## Exercise goal
Beginning with the line in which "Wohnung kaufen in" appears, transcribe each line word for word until the records end. Do not include pictures.

## Data listing
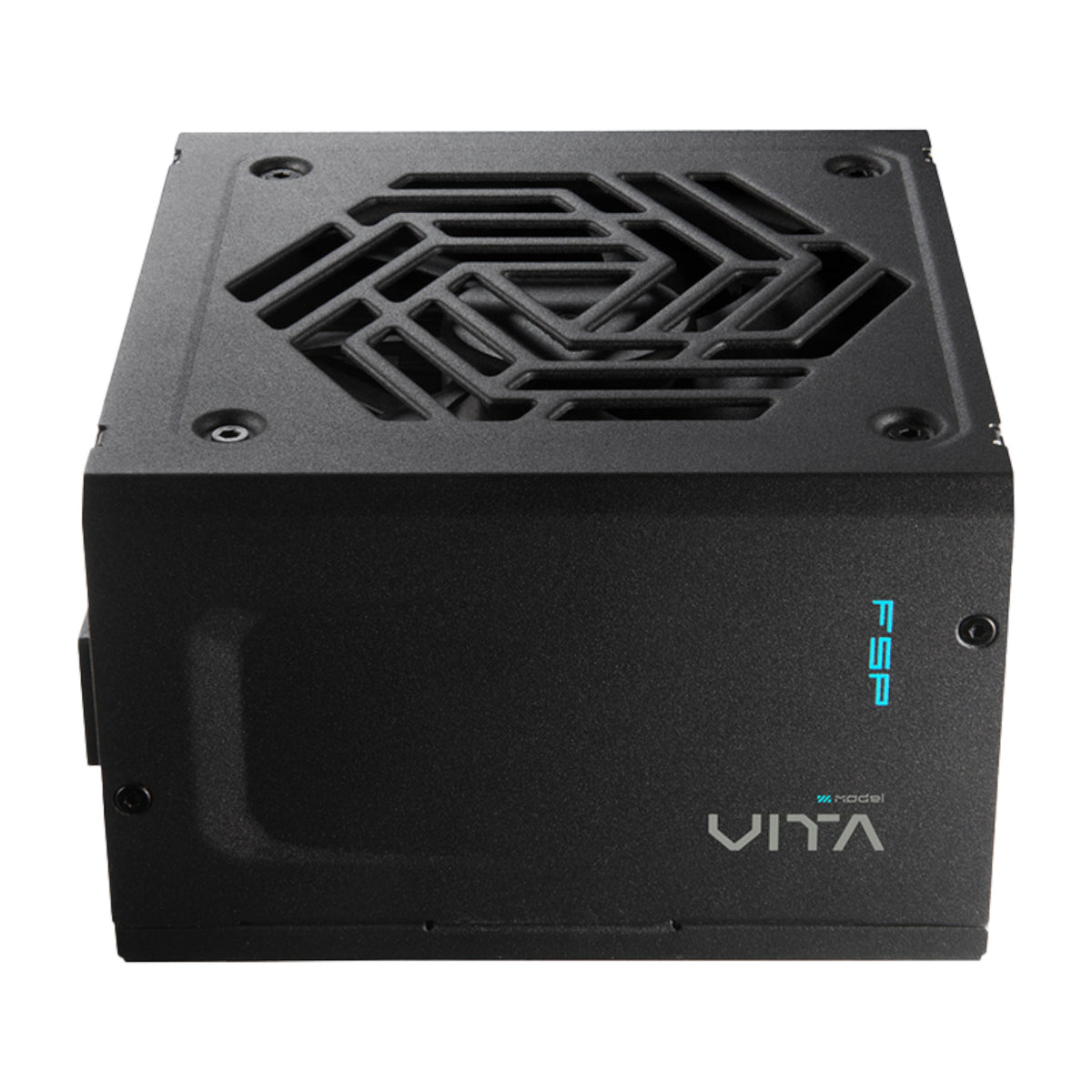 Image 8 for FSP S380 M-ATX ARGB Gaming Chassis and VITA GM 750W Power Supply Bundle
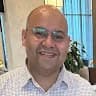 Apoorv Rohatgi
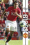 Giggsy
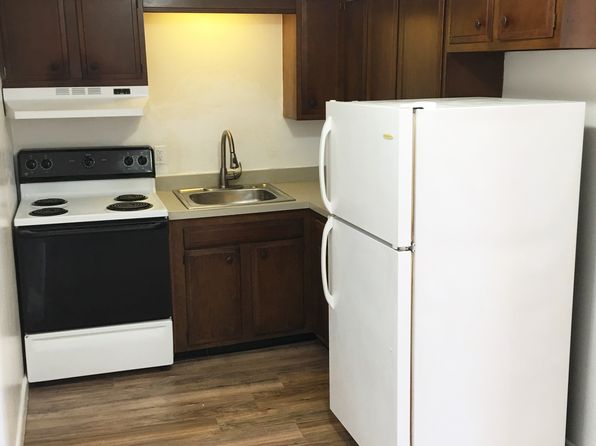 1334 Ray Rd #24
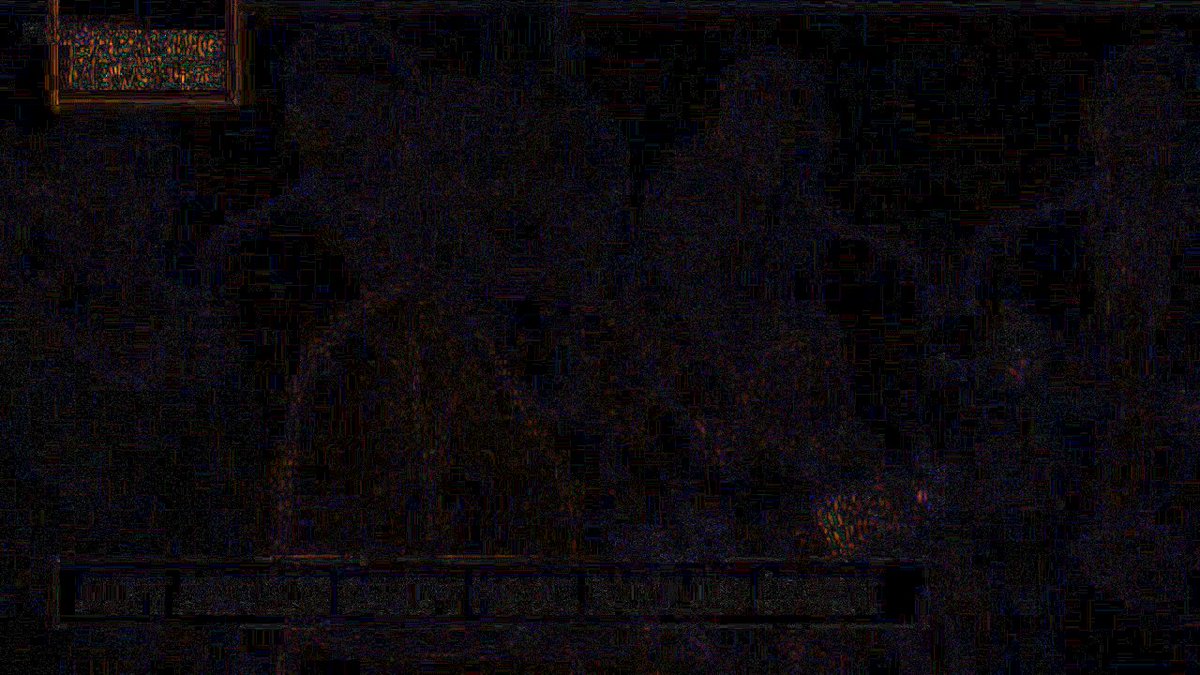 Donna_In_Heaven's tweet image. FOX61 supposed video frame is a graphic, includes a caption.  See Error Level, Noise &amp;amp; PCA.  Ready to go news promotion graphics #EstablishedPattern #SandyHook 
No money exchanges hands, when phony court.  #Distractions are promoted by shills.  
DO NOT fall for it!! More on Erica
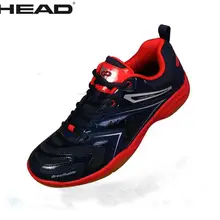 Обувь для бадминтона; светильник; нескользящая обувь для тренировок; дышащие Нескользящие теннисные кроссовки; профессиональная спортивная обувь для мужчин и женщин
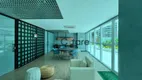 Foto 34 de Apartamento com 3 Quartos à venda, 98m² em Papicu, Fortaleza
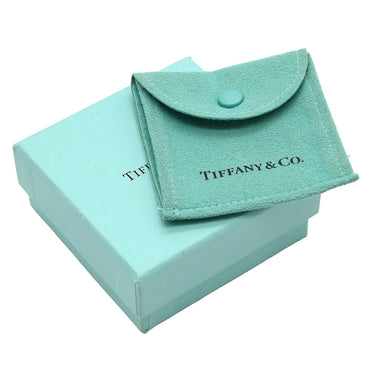 ティファニー Tiffany & Co センチメンタル ハート ダイヤモンド ペンダント プラチナシルバー Pt950 ダイヤモンド パール ネックレス T＆Co. あこや ベビーパール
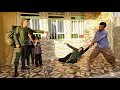Download Lagu Hussein's unexpected arrival caused the family to fall apart.?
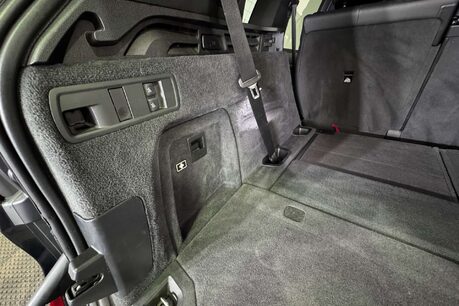 BMW X5 3.0 30d M Sport SUV 5dr Diesel Auto xDrive Euro 6 (s/s) (265 ps) 61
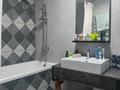 2-комнатная квартира · 76 м² · 3/3 этаж, Алтын Дала за 44.5 млн ₸ в Петропавловске — фото 10
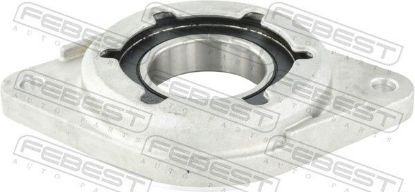 Bearing, drive shaft MB 2463600274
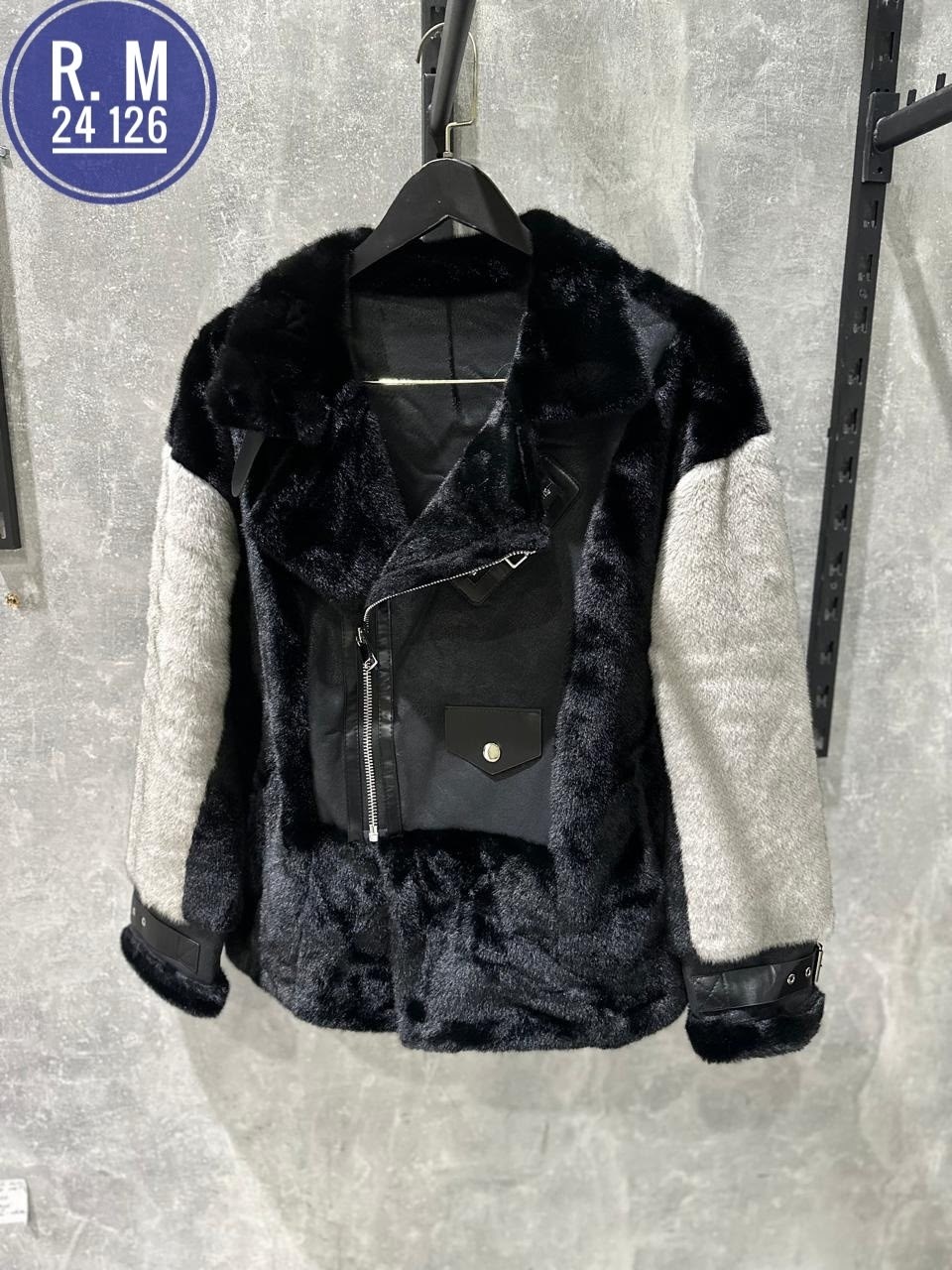 куртка дубленка,дубленка женская,меховая куртка,куртка из искусственного меха,куртка женская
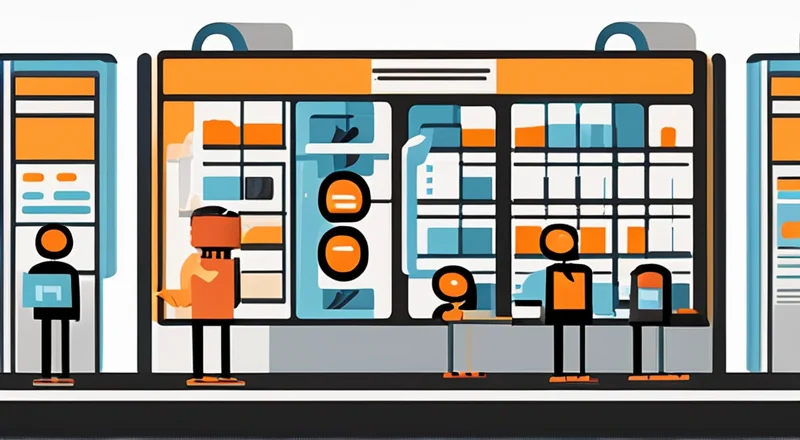 为啥人力资源管理系统要灵活扩展？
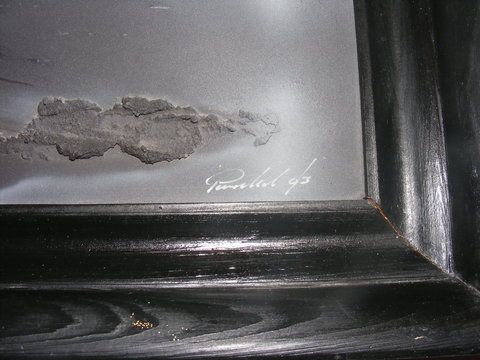 DSCF4404.JPG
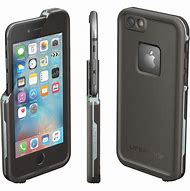 Image result for iphone 6s plus waterproof cases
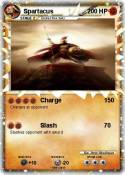 Spartacus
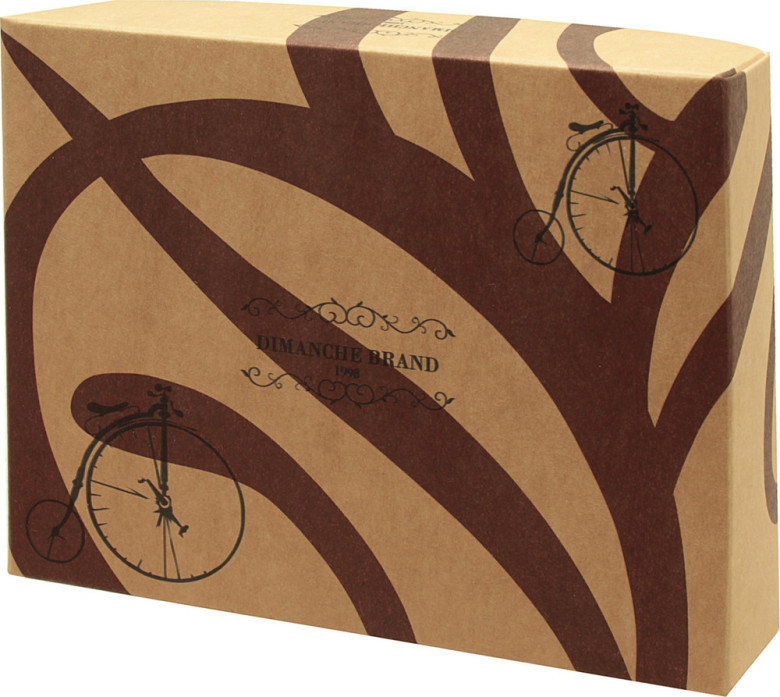 Обложка для паспорта Camel 344/K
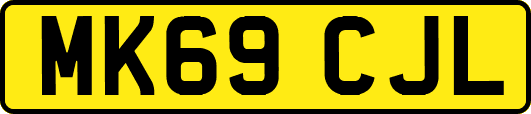 MK69CJL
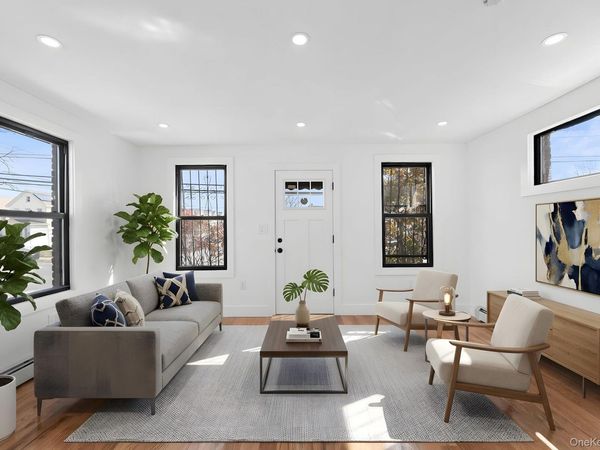 12619 115th Avenue , South Ozone Park, NY 11420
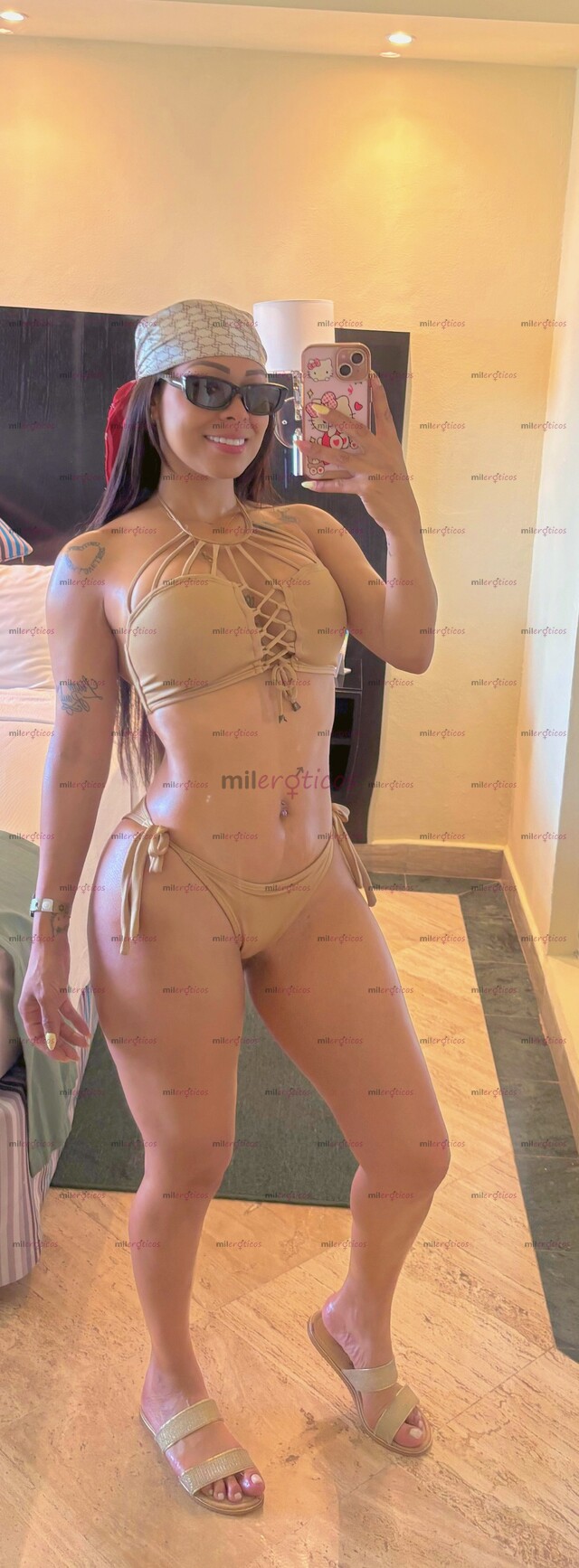 FOTOS DE LUNA RICA MODELO NINFOMANA NUEVA EN CANCÚN SON FOTOS RELAES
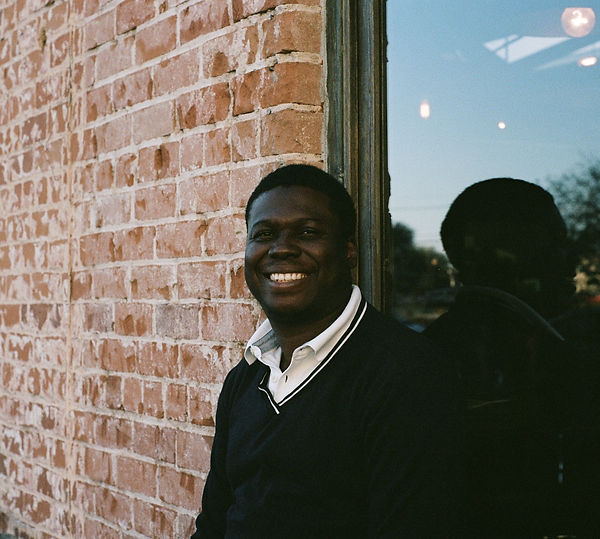 Ifeoluwa Ayandele author's photo.jpg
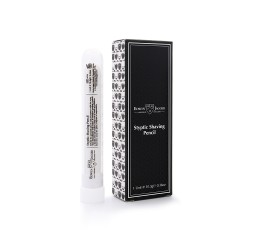 Styptic Pencil with packaging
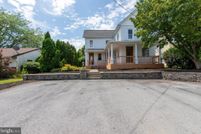 Ranch Property for sale in Lehigh County, Pennsylvania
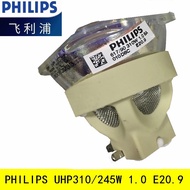 Original optoma optoma EH500/OEF918/X600/OTF418 Projector Bulb 310/245W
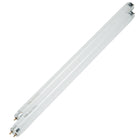 Insectile lamp lamps 15Installation sets 2 pieces - Hendi 270028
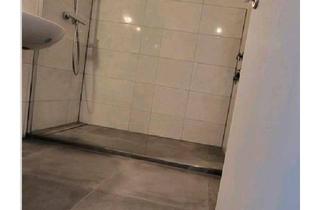 Wohnung kaufen in 48431 Rheine, Rheine - EG-Wohnung in Rheine-Schotthock zu verkaufen - saniert 2022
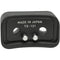 Sigma TS-131 Tripod Socket for MC-21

## Answer space
 Wohnung kaufen in 48431 Rheine, Rheine - EG-Wohnung in Rheine-Schotthock zu verkaufen - saniert 2022
 Sigma TS-131 Tripod Socket for MC-21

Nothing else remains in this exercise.